Nun liegt er da, Herr Ingmar, er scheint so vieles sagen zu wollen, aber es ist zu spät. Er ringt um jede Silbe und wirkt, als ob er jetzt bereit wäre alles auszusprechen, was ihn belastet, wenn es denn nur ginge.

"Da wäre noch so viel zu sagen?" Er nickt. "Der Schmerz um Ihren Sohn, die Sorge um ihre Familie, wie sie mit diesem neuen Verlust umgehen werden, wenn Sie gehen müssen?" Er nickt und keucht und Tränen steigen ihm in die Augen. "Ja." Mit wenigen Worten spricht er vom unaussprechlichen. Vom Schmerz, der keine Worte kennt, und von der Hoffnung, der einzigen, seinen Sohn wieder zu sehen, "drüben", und dem Trost, der das für seine Lieben ist.

"Manchmal gibt es einfach keine Worte mehr. Manchmal kann man es nur noch hinlegen und hoffen, dass Ein Anderer vollendet, was wir begonnen haben..." "Ja," keucht Herr Ingmar unter Tränen. Ich deute auf das kleine Bild der Gottesmutter auf seinem Nachttisch. "Wissen Sie, was ich am Abend mache, wenn ich keine Worte mehr finde für alles gehörte und all die Menschen des Tages?" Er schüttelt den Kopf. "Ich lege alles wie in eine Schale zu Füssen der Muttergottes auf meinem Kaminsims. Ich weiss, bei ihr ist alles gut aufgehoben, sie bringt alles vor Gott, und Er macht alles gut." Herr Ingmar weint. "Möchten Sie, dass wir das zusammen tun?" "Ja..." Und so taste ich im Gebet nach Worten, um sie der unsagbaren Last Herrn Ingmars zu leihen. "In Deine Hände leg ich voll Vertrauen meinen Geist. Du hast mich erlöst, Herr, du treuer Gott."

Er atmet ruhiger. "Möchten Sie, dass der Priester Sie heute Abend noch besucht und Ihnen die Krankensakramente spendet?" Herr Ingmar nickt. Ich verspreche ihm mein Gebet "Gott hat alles gehört, und unsere gute Mutter wird Ihrer Familie alles ungesagte ins Herz übersetzen zur rechten Zeit, da vertraue ich fest drauf!" Herr Ingmar lächelt. Sein Blick ist hell.
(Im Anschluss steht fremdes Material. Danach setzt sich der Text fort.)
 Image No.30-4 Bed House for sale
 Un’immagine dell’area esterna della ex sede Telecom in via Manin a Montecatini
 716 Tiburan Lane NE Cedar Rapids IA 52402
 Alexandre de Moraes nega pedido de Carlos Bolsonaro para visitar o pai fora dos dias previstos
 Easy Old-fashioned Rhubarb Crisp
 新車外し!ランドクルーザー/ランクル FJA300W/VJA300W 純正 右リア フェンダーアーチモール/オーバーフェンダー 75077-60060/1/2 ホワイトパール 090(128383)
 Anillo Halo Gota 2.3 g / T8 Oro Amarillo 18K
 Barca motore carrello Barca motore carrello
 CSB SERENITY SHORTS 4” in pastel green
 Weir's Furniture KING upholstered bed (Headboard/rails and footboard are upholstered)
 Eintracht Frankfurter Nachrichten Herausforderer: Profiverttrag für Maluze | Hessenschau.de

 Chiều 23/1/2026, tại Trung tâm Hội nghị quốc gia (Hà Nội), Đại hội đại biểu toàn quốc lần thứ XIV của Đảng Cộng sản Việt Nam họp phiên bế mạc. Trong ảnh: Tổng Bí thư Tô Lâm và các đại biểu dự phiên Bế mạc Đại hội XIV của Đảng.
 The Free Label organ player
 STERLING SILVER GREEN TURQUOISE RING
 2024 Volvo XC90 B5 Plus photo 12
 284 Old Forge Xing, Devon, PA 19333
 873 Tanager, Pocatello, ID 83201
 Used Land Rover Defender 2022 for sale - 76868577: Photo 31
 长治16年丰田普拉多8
In der Morgendämmerung stirbt Herr Ingmar. Das Fenster steht offen und die Vögel zwitschern, als ich mit den Angehörigen an seinem Bett stehe. So schnell sei es jetzt gegangen, so vieles unabgeschlossen, unausgesprochen. Herr Ingmar liegt da, im Frieden, das gerahmte Bildchen mit der Gottesmutter mit beiden Händen umschlossen. "Er hat mich gebeten, Ihnen etwas auszurichten," sage ich, und blicke auf das Bild. "Alles, was er Ihnen nicht mehr sagen konnte, das hat er wie in eine Schale in ihre Hände gelegt. Sie möge es Ihnen ins Herz übersetzen, wenn die Zeit gekommen ist." Fest halten sich Frau und Kinder in den Armen. Dann löst sich die jüngste Tochter aus der Umarmung. Zart streicht Sie ihrem toten Vater über die Wange, dann über die Hände, dann über das Bild. Ihr Blick streift mich, als sie zurück zur Familie tritt. Ich verabschiede mich still. Es ist alles gesagt. Alles ist in guten Händen.